BEACON TRANSCRIPT – Hackers resort to a lot of inventive methods to make unaware users click on malicious links. One recent phishing attempt surprised us, as it made use of a useful but quite unknown feature of browsers. What is bad is the fact that such a technique might lure even the most careful users.
As we know, not all languages use the Latin alphabet, but you might have not seen a link containing Cyrillic or kanji characters. This happens in spite of the fact that Unicode, the standard text which is displayed everywhere in the world, actually supports a wider variety of languages.
Punycode transcribes links from non-Latin letters
It is not typical indeed for these characters to appear in URIs, so only ASCII are allowed. This, there appeared a system which converts such symbols into ASCII, and this is called “punycode”. A browser is able to identify an URI written in punycode, as it is always preceded by “xn--“.
This conversion occurs without the user being aware of it. If characters different from Latin letters are present in a hyperlink, the system converts them immediately into punycode, and it takes a readable form for the URI. To make it clearer, a link which looks like “JP納豆.例.jp” would transform into “xn--jp-cd2fp15c.xn--fsq.jp”.

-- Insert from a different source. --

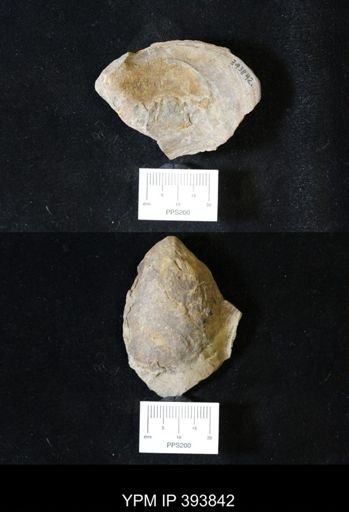 Actinodesma erectum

A sneaky trick preferred by hackers
Hackers often resort to such methods precisely because punycode does not tell the user beforehand that it is going to change the link. By using this, the attackers can make any link look normal to a regular user and, in fact, it would be a completely different thing.
For instance, they can use Cyrillic letters to disguise a malicious link and make it look like it writes apple.com. These letters can be created by the punycode xn--80ak6aa92e. If you change some settings in your browser, you will be able to see previews of such links in punycode, or even transcribe them in different fonts which show that they are different.
Thus, this might trick even the most experienced users who know how to be careful with malicious links. Google Chrome and Mozilla Firefox are the only browsers which are affected by such phishing attacks. You can change the settings and select the option which allows you to see the true URI code.